Improving the database design would involve normalizing the data and splitting it into multiple tables. Just imagine the nightmare of all those JOINs and Ecto.Schema associations we would need in our application. That is clearly not worth the extra complexity.
On the other hand, we could decide that the application design is the only thing that matters and simply serialize the edition as JSON. This would allow us to have the design we wanted with just a custom Ecto.Type. But we would be giving up on so many features of the database.
Custom mapping?
I have to admit that I am now entering a territory that I have not yet explored in a serious project, so there will be some speculation.
Considering the significant impact this trivial requirement has on the application design, it seems that custom mapping may be the best answer to anything beyond basic CRUD. In the case of books and editions, the mapping could look like this:
defmodule Bookstore.Ecto.Mappers.Books do
alias Bookstore.Ecto.Schemas.Book, as: BookSchema
alias Bookstore.Book
alias Bookstore.Edition
def to_domain(%BookSchema{} = data) do
edition =
case data.edition_type do
:ordinal -> Edition.ordinal(data.number)
:seasonal -> Edition.seasonal(data.season, data.year)
end
%Book{id: data.id, title: data.title, edition: edition}
end
def from_domain(%Book{} = book) do
data = %BookSchema{id: book.id, title: book.title}
case book.edition do
{:ordinal, number} ->
%{data | edition_type: :ordinal, edition_number: number}
{:seasonal, season, year} ->
%{data | edition_type: :seasonal, edition_season: season, edition_year: year}
end
end
end
Now we can design the application exactly how we want and choose any storage implementation we decide appropriate. The only thing that will need to change is the mapper. Of course, normalizing into multiple tables would require a larger change of the mapper, but the domain model would still stay the same.

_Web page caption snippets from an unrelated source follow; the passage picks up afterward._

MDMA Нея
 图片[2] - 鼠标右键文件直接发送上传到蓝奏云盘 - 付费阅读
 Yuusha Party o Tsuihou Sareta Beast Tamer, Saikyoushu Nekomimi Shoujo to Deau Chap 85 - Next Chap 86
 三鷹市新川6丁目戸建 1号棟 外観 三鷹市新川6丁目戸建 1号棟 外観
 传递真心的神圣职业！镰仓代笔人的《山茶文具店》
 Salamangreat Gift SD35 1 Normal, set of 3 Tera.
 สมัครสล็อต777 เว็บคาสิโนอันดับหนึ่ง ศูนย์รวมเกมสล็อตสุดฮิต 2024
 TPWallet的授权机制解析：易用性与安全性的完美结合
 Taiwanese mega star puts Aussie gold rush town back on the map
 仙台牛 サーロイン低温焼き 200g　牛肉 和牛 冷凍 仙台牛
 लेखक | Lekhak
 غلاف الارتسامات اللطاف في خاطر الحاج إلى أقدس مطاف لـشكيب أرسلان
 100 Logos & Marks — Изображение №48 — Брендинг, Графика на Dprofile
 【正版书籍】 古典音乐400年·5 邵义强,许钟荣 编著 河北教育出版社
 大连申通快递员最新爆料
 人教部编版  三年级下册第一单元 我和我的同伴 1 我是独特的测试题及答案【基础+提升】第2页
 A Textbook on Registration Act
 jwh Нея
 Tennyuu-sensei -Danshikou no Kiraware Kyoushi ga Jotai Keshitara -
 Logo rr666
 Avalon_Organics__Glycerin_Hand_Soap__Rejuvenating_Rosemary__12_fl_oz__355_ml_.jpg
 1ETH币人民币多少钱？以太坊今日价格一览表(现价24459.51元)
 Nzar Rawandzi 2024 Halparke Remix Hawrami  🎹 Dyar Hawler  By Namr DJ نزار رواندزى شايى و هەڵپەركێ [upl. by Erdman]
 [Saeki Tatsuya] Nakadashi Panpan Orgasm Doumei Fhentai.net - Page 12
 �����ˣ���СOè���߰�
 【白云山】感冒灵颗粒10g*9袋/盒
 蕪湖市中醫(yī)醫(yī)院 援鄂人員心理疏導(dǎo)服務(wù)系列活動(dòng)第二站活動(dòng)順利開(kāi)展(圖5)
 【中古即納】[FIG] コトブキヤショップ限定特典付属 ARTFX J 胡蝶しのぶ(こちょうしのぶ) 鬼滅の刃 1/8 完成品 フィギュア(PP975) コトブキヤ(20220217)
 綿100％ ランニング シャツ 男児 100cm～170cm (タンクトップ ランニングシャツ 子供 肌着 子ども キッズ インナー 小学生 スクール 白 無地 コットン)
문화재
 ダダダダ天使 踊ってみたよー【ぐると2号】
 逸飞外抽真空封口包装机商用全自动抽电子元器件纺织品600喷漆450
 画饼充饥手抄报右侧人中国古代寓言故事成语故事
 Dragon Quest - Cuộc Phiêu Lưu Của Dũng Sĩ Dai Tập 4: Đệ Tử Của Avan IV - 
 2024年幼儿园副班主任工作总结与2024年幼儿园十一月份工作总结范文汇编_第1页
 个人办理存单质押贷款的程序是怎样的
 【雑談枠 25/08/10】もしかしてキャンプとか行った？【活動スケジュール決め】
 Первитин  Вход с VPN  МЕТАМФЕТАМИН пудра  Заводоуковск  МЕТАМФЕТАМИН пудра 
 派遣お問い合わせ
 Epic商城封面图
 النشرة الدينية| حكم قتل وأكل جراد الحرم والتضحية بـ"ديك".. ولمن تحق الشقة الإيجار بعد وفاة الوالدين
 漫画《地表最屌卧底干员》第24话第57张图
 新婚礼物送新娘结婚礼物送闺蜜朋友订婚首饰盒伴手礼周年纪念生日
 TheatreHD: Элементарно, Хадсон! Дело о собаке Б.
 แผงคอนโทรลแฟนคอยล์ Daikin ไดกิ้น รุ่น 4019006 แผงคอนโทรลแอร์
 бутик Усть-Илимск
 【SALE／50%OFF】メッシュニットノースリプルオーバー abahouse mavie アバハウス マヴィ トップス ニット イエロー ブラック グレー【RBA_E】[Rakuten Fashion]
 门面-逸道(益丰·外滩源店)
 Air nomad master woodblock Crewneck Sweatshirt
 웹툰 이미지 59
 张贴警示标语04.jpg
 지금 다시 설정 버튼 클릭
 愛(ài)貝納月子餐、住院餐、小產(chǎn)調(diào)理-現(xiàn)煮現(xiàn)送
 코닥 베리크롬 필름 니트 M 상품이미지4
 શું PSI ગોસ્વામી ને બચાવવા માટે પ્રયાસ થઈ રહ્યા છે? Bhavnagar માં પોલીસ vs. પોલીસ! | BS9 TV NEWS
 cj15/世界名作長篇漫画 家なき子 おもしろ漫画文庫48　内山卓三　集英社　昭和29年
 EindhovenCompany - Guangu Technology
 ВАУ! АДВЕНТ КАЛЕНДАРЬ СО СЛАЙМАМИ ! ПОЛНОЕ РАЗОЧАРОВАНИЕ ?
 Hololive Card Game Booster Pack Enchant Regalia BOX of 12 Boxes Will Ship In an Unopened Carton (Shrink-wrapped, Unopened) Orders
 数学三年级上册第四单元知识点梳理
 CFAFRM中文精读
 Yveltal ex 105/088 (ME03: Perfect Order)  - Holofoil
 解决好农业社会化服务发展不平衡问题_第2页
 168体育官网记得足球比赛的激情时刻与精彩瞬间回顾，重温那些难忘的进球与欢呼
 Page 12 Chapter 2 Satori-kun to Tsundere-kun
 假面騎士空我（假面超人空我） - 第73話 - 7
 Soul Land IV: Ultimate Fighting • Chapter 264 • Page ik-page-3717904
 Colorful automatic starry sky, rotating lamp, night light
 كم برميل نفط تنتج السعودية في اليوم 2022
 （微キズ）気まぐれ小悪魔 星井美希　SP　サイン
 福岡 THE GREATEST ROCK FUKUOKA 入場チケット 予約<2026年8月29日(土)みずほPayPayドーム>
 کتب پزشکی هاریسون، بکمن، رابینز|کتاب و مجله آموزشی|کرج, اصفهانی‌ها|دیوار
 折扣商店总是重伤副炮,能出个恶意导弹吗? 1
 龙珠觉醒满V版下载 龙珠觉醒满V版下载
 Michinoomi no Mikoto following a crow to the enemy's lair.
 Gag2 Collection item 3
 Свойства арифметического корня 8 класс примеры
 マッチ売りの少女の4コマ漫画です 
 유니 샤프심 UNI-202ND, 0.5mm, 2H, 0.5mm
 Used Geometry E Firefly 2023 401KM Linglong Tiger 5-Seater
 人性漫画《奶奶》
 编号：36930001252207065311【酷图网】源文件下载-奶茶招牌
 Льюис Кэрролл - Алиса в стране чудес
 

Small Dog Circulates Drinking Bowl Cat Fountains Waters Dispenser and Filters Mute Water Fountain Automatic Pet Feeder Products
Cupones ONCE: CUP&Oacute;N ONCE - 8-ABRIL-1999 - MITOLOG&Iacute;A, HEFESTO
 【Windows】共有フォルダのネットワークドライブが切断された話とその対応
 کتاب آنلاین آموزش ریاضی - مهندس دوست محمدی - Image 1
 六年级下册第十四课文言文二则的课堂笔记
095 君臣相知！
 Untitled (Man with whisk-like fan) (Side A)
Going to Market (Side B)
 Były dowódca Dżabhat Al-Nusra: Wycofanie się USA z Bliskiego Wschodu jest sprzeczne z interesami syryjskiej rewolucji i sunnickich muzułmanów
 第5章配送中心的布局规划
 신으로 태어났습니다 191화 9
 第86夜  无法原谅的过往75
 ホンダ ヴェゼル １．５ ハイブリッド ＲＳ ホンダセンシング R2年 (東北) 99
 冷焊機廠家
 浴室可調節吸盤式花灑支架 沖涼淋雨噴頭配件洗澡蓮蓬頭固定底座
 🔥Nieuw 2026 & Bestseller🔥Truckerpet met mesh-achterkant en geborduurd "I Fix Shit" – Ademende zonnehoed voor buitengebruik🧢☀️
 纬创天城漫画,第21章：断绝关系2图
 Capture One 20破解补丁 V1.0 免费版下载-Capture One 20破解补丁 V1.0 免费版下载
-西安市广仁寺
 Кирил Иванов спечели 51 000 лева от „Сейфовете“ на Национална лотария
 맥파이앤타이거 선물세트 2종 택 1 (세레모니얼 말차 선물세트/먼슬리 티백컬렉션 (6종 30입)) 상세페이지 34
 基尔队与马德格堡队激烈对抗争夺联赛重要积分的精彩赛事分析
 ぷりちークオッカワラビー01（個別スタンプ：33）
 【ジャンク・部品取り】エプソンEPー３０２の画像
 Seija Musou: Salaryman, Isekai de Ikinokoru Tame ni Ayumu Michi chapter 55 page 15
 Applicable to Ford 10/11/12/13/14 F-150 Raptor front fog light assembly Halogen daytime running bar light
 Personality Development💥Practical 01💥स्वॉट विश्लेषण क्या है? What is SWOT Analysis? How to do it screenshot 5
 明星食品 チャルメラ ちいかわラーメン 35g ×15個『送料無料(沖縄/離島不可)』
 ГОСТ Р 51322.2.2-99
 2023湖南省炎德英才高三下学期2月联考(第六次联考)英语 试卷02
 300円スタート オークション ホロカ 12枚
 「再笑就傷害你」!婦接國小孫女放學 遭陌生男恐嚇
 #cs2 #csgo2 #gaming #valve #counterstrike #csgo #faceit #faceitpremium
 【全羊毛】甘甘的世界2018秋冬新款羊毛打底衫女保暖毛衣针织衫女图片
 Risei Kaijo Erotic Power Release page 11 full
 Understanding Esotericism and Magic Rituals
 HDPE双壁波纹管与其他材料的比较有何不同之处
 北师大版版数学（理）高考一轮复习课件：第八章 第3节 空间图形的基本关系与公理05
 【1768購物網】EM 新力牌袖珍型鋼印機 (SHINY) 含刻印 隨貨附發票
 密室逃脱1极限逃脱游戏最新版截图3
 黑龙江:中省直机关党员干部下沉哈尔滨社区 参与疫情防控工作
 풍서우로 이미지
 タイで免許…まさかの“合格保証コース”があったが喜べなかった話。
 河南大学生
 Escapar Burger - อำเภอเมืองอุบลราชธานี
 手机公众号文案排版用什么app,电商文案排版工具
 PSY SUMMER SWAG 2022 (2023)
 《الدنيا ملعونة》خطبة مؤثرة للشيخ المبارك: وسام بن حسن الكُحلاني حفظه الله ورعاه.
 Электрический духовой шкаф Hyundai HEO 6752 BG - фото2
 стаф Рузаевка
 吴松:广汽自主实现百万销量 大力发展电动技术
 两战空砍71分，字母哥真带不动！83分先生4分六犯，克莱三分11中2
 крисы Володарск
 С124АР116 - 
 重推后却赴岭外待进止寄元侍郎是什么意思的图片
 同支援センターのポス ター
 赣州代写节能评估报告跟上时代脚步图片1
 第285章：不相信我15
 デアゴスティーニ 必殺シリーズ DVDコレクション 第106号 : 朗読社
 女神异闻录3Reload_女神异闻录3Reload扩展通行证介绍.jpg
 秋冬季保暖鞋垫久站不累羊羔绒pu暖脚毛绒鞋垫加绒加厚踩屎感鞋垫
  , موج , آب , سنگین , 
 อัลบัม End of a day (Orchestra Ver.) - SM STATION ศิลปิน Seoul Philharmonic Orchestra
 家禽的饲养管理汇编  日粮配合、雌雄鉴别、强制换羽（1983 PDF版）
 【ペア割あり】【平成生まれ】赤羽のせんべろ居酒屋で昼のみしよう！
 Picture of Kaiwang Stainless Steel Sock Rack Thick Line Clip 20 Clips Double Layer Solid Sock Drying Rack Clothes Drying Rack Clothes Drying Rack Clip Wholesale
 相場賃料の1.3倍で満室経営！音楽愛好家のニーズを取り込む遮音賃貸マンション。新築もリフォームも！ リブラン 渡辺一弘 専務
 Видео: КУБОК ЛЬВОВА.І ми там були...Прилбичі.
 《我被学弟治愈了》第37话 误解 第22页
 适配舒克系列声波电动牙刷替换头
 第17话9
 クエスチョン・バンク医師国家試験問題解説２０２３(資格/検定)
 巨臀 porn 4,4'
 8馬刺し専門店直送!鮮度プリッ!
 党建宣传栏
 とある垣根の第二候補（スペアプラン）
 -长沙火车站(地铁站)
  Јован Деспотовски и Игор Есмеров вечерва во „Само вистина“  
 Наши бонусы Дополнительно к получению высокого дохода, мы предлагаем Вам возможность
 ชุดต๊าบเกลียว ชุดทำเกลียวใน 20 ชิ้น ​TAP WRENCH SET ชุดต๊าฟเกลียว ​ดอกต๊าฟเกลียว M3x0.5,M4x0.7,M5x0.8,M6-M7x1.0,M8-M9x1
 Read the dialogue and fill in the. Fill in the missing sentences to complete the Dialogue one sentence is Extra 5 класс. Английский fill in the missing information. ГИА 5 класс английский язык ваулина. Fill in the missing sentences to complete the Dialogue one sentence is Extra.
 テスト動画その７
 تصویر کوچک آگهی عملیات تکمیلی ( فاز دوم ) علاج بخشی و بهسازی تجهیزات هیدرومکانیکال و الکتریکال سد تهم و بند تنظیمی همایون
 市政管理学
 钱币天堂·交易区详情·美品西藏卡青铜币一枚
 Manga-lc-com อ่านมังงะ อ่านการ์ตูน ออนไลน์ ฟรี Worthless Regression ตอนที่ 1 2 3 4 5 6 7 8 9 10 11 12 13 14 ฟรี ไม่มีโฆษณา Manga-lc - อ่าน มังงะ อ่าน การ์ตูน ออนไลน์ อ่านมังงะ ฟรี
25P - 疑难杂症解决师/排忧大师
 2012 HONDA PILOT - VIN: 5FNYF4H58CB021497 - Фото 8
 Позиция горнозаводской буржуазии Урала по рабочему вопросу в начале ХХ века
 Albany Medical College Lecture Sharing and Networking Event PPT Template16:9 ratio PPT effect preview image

Unfortunately, this approach has downsides as well. We need to write the mapping code on our own, but what’s worse, we lose important features of Ecto. Change tracking is now gone and we will need to perform even more mapping for data that comes from the outside, duplicating many of the fields.
Perhaps most importantly, enforcing these mappers and keeping their design consistent is going to be difficult and require some discipline from everyone involved in the codebase. After all, it is easier to follow design decisions set by a framework.
A possible compromise?
Mapping everything on our own is clearly a difficult task. Moreover, we are throwing away more than we would like. After all, what’s the point of ORMs if we need to do the mapping ourselves anyway? This is their job!
Using Ecto.Schemas as our domain data structures may be a good trade-off. But we need a way to model the domain without conforming everything to the database design. This includes nested data, sum types, mapping multiple columns into one field and probably a way to build one schema from multiple tables. Maybe then Ecto could be “good enough” as an ORM.
It’s entirely possible that this was of thinking leads directly into the trap described in The Vietnam of computer science. I may simply too inexperienced to see that. Maybe it’s not worth it to add all this extra complexity to Ecto. But in that case, custom mapping seems like the only option left.
Conclusion
Just like many other framworks and ORMs, Phoenix and Ecto present a devil’s bargain. As long as we are building a web interface for a database, where one form field maps to one column and the application does not need to do anything complicated with the data, everything is simple. But anything beyond that quickly starts to hurt.
Custom mapping may be a lot of work, but in order for Ecto to be good enough as an ORM, I’m afraid it would need to evolve way beyond what it is now. Assuming that an ORM can actually be good enough.
In the end, if we want to keep all the nice benefits that Ecto provides, the following will always remain true. Phoenix may not be your application, but Ecto is.